** Activity **
Start at the top of the records and, please, print each line exactly through the line that contains "208 Regent Street", leaving out all pictures.

Pictures with short captions:
# # #
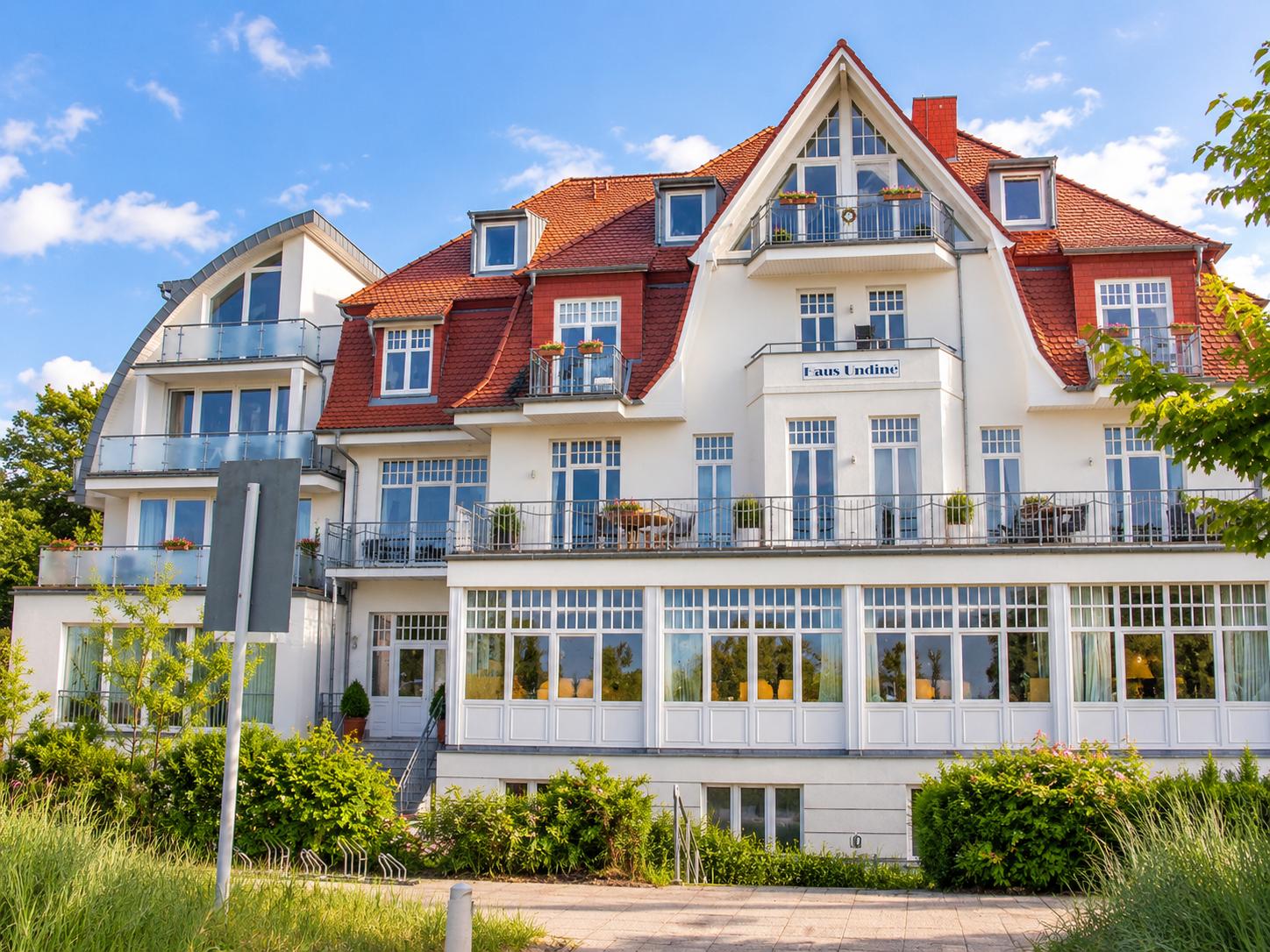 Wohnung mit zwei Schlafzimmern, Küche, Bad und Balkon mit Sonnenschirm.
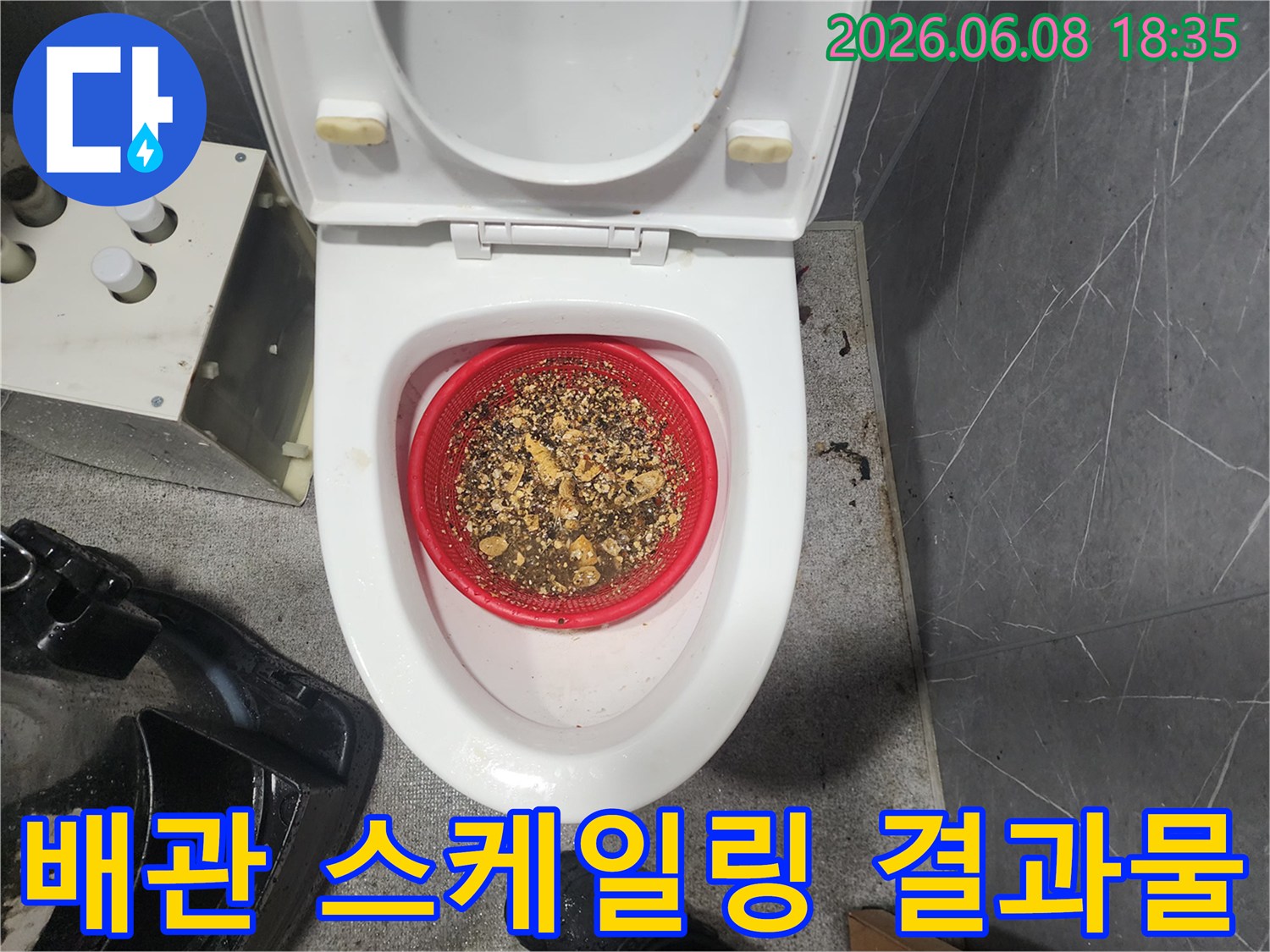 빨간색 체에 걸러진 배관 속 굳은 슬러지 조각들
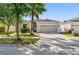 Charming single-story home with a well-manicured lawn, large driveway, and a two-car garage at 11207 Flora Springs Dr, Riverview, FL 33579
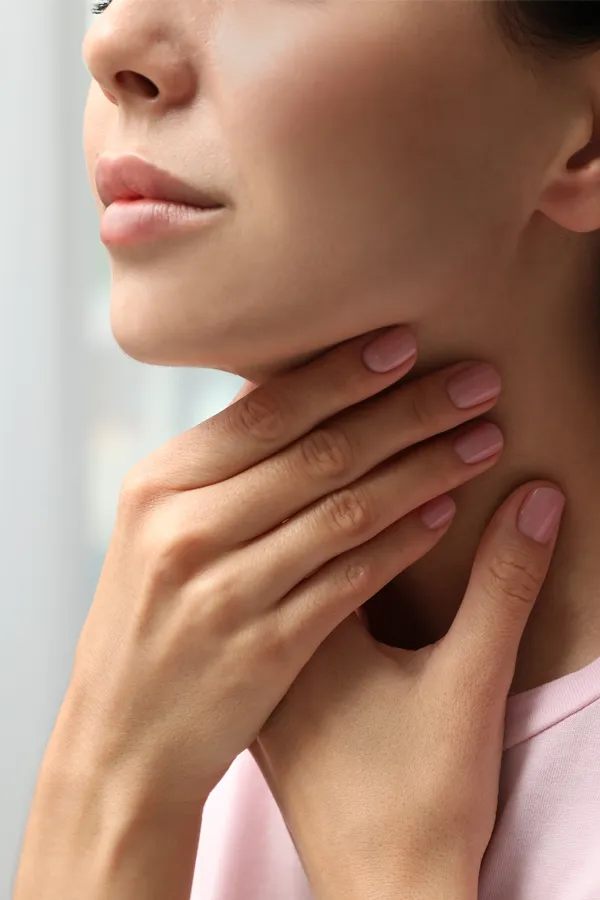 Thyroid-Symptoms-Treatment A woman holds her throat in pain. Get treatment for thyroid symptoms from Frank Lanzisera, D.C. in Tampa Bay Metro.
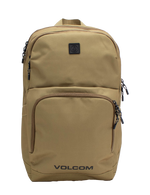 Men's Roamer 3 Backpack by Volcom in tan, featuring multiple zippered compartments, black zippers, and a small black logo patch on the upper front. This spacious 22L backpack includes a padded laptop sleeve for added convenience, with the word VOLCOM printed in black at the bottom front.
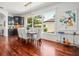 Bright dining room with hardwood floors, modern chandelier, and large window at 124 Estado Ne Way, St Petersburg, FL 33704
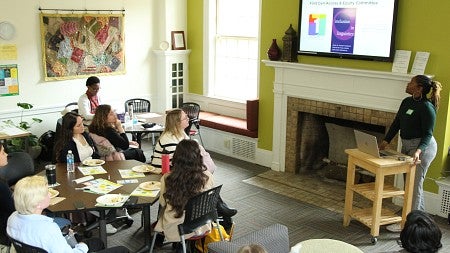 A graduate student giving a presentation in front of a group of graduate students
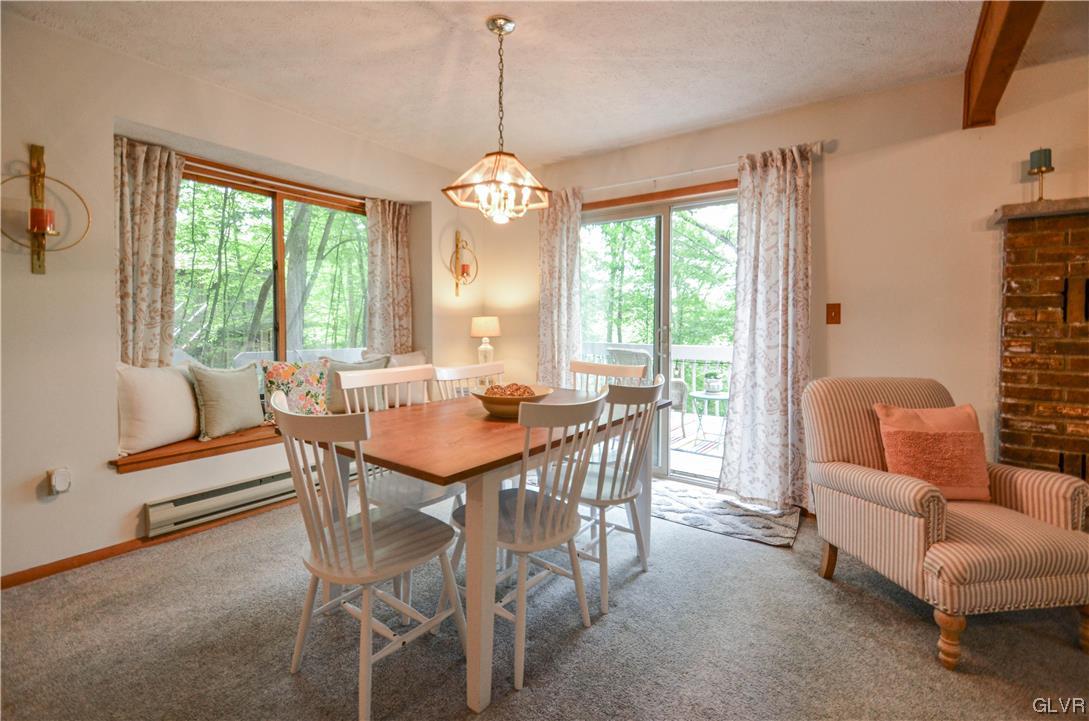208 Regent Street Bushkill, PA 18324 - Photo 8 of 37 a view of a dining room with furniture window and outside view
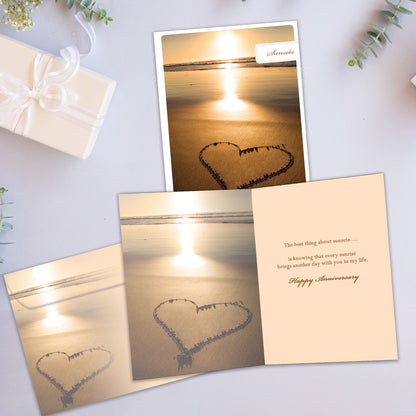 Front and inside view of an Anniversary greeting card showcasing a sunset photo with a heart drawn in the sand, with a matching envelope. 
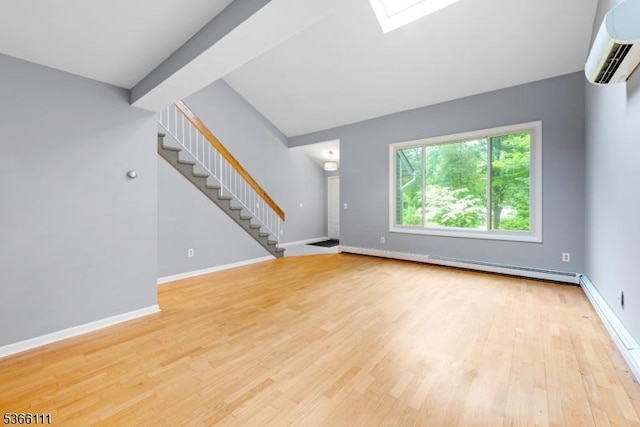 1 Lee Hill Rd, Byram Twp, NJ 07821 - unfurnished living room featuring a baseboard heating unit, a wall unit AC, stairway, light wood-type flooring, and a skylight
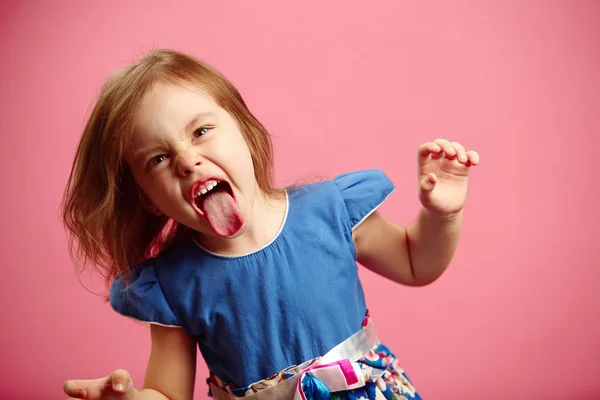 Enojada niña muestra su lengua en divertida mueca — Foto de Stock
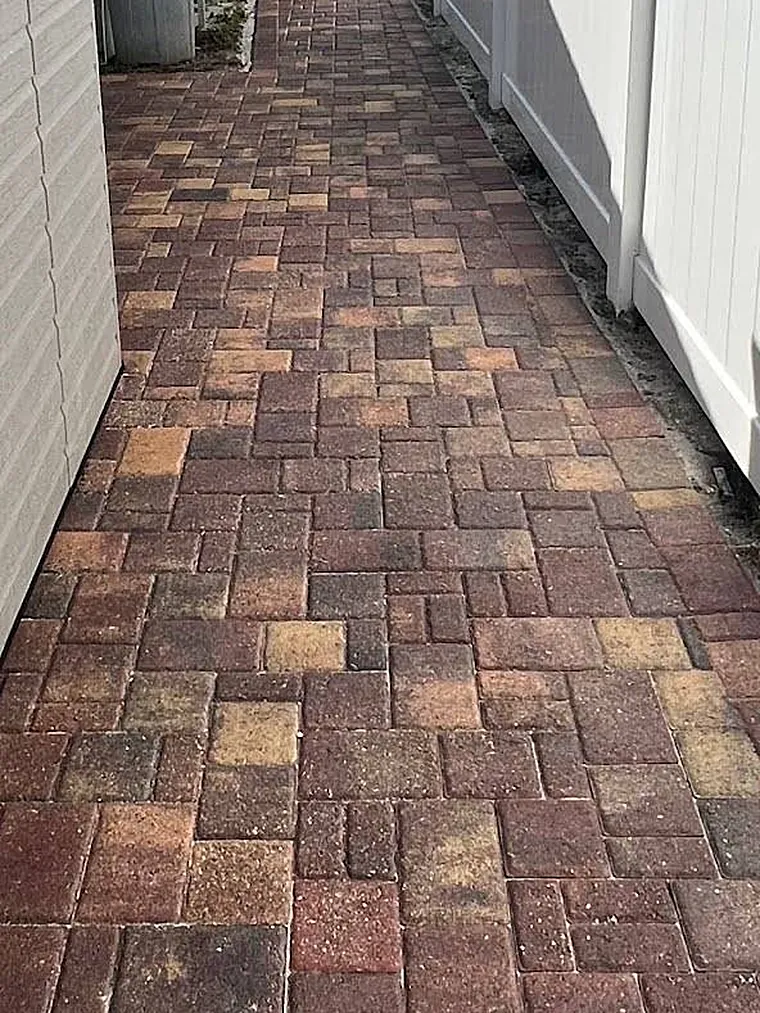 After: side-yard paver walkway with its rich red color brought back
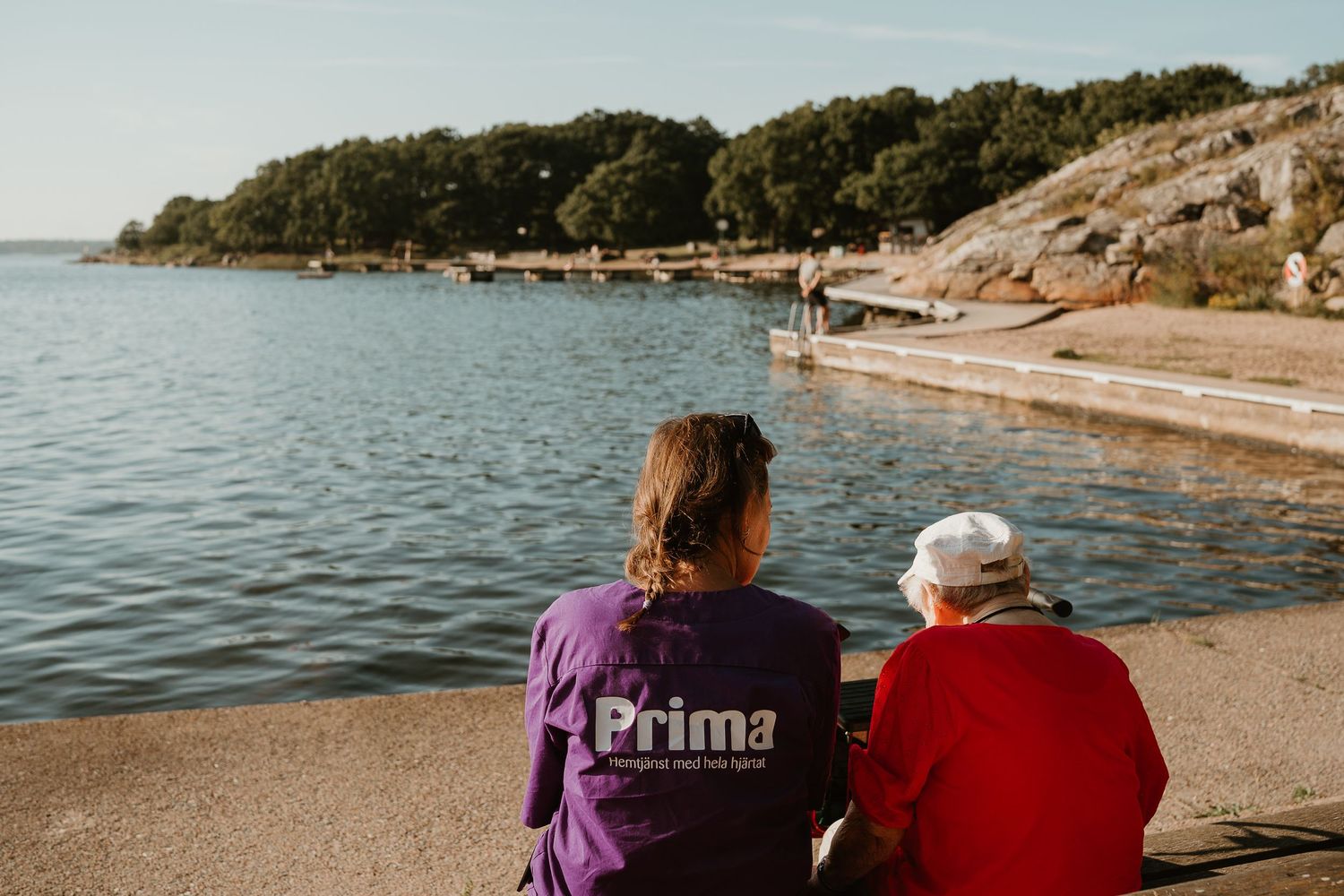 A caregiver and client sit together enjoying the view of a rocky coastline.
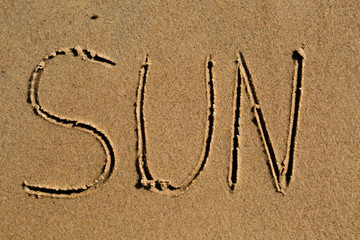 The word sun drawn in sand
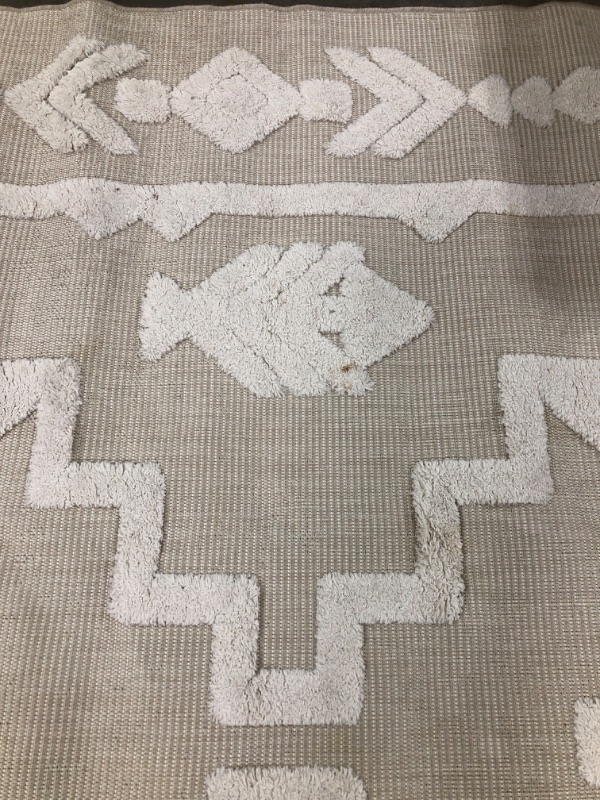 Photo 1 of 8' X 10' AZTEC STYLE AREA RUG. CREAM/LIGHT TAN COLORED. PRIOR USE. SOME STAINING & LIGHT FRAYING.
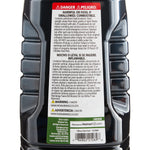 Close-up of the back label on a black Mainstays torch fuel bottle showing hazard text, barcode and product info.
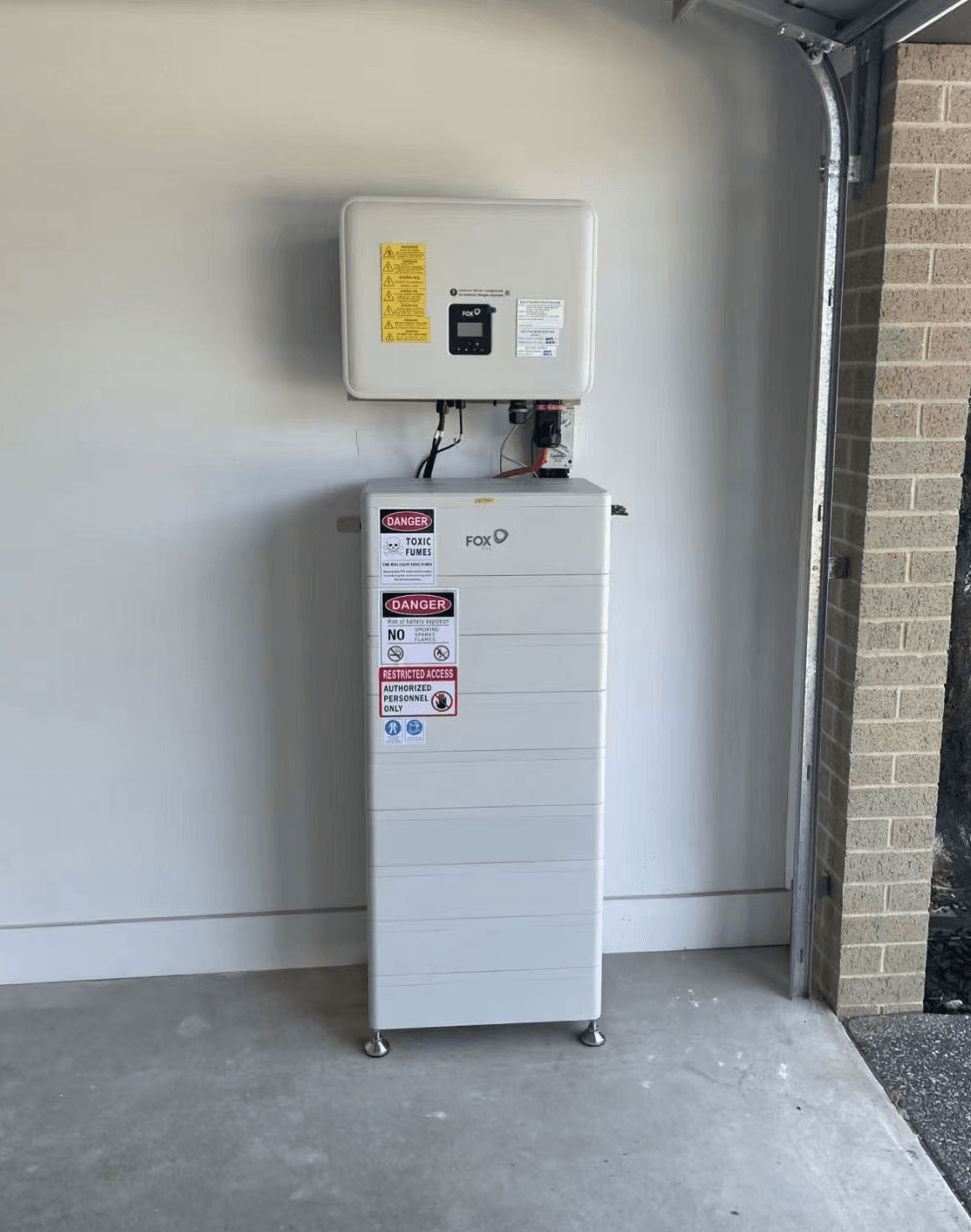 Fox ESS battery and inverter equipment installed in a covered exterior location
# # #
** Answer space **
 Wohnung mit zwei Schlafzimmern, Küche, Bad und Balkon mit Sonnenschirm.
 빨간색 체에 걸러진 배관 속 굳은 슬러지 조각들
 Charming single-story home with a well-manicured lawn, large driveway, and a two-car garage at 11207 Flora Springs Dr, Riverview, FL 33579
 Thyroid-Symptoms-Treatment A woman holds her throat in pain. Get treatment for thyroid symptoms from Frank Lanzisera, D.C. in Tampa Bay Metro.
 Men's Roamer 3 Backpack by Volcom in tan, featuring multiple zippered compartments, black zippers, and a small black logo patch on the upper front. This spacious 22L backpack includes a padded laptop sleeve for added convenience, with the word VOLCOM printed in black at the bottom front.
 Bright dining room with hardwood floors, modern chandelier, and large window at 124 Estado Ne Way, St Petersburg, FL 33704
 A graduate student giving a presentation in front of a group of graduate students
208 Regent Street Bushkill, PA 18324 - Photo 8 of 37 a view of a dining room with furniture window and outside view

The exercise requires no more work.